Et cette reconstruction ne se fait pas à l'identique. Les machines neuves sont plus puissantes, d'audacieux chevalements métalliques, les "belles de fer" proclament la fierté du bassin. Les installations annexes, limitées avant la guerre, se multiplient : les compagnies développent la production de coke, valorisent les dérivés de la houille et du goudron, construisent des centrales thermiques et de vastes usines carbochimiques. Le progrès se manifeste aussi dans l'urbanisme. Les corons détruits font place, surtout dans le Pas-de-Calais, aux cités pavillonnaires qui donnent au bassin sa physionomie définitive. Près de 80 000 logements, soit 30 000 de plus qu'avant la guerre, abritent désormais la majorité des mineurs.

En faisant table rase du passé, la guerre a permis à la mine de renaître plus forte. Un dynamisme nouveau s'empare de l'industrie, un sang neuf vient l'irriguer : à côté des vielles familles qui poursuivent la tradition minière, les immigrants polonais, de la Ruhr ou de campagnes lointaines, lui donnent un autre visage.

Joël Michel

Transcription

Journaliste 1
Au fond des puits, les générations se succèdent, les fils vont rejoindre leurs pères.
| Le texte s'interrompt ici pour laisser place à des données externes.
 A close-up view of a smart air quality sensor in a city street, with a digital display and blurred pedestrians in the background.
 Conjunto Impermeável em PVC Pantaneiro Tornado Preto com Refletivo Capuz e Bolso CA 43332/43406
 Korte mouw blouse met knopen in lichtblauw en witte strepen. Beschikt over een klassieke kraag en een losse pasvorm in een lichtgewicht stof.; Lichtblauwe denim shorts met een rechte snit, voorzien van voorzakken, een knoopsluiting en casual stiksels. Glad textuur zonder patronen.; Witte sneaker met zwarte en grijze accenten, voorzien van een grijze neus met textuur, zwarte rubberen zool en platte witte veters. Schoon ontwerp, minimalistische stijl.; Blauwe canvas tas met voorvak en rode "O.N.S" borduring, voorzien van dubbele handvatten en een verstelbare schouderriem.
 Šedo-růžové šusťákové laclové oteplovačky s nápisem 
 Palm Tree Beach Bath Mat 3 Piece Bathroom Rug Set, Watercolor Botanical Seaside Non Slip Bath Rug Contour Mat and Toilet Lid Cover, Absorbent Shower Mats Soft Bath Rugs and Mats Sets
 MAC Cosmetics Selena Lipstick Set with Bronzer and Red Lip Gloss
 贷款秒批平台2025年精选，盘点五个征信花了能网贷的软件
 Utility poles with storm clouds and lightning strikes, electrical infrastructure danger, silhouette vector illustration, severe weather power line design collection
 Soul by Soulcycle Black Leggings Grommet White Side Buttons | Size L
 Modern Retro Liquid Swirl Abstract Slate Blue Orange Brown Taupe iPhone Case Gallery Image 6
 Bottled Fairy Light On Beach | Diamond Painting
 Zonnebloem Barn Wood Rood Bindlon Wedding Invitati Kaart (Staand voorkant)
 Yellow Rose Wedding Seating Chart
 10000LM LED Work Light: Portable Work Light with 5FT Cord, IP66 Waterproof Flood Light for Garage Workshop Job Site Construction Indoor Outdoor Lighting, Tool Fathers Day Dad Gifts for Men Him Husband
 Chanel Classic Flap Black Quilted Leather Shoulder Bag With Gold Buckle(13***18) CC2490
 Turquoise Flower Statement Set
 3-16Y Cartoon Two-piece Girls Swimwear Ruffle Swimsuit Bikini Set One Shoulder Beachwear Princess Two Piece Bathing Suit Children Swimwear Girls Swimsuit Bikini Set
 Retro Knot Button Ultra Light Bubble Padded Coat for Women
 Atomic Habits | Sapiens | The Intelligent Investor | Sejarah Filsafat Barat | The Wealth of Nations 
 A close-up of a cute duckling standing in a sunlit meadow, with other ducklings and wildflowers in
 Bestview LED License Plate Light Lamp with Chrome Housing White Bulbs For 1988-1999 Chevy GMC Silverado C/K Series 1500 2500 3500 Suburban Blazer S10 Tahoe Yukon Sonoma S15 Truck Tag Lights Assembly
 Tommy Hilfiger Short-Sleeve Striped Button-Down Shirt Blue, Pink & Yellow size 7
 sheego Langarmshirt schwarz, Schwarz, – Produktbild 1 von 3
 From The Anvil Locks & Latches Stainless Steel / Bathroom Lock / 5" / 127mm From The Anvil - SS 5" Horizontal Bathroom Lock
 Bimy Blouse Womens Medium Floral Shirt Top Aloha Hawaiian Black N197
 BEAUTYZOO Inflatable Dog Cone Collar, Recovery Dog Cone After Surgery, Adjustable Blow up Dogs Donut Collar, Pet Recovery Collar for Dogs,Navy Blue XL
En 1923, 30 ans après son père, le galibot Augustin Viseux va descendre à son tour de la mine mais une rude tâche l’attend. La guerre de 1914-1918 a fait du Bassin un champ de ruines après en avoir fait un champ de bataille.
(Musique)
Journaliste 2
Bon c’est ici Monsieur Viseux qu’a commencé votre carrière alors ?
Augustin Viseux
Oui, c’est ici à la fosse 9 de Lens. Quand nous sommes revenus en 1919 au mois de mars, tout ça n’était qu’un champ de ruines, de ferrailles, vous avez vu d’ailleurs les photos.
Journaliste 1
Les obus se sont acharnés sur les chevalements, les ateliers et les corons. Dans la partie qu’ils occupaient, les Allemands en retraite ont parachevé les destructions. La guerre terminée, le bilan est le suivant. 103 fosses détruites, galeries inondées sur des milliers de kilomètres, mille milliers de mètres cubes d’eau, soit le débit de la Seine à Paris durant les trois mois d’été. De 27 millions de tonnes de charbons en 1914, la production n’est plus que de 8 millions en 1918. Il faudra 7 années d’immenses efforts pour reconstruire la région dévastée.
Augustin Viseux
La vie en temps-là était difficile, nous vivions dans les caves ou dans les baraques plus ou moins bien installés. Et on a commencé à remonter du charbon vers 1921-1922. En ce temps-là je travaillais dans une entreprise, j’avais 12 ans, et je suis venus ici à 14 ans.
Journaliste 2
Et votre premier travail c’était quoi ?
Augustin Viseux
Et bien, mon premier travail, c’était déballeur au pied d’un plan incliné. Bien sûr, pour ça, il avait fallu que je récite mon règlement à mon porion, à mon chef de coupe, pour voir si j’étais capable sans danger de tenir ce poste-là. Ça consistait à décrocher des berlines pleines et d’y raccrocher des berlines vides que l' camarade faisaient monter.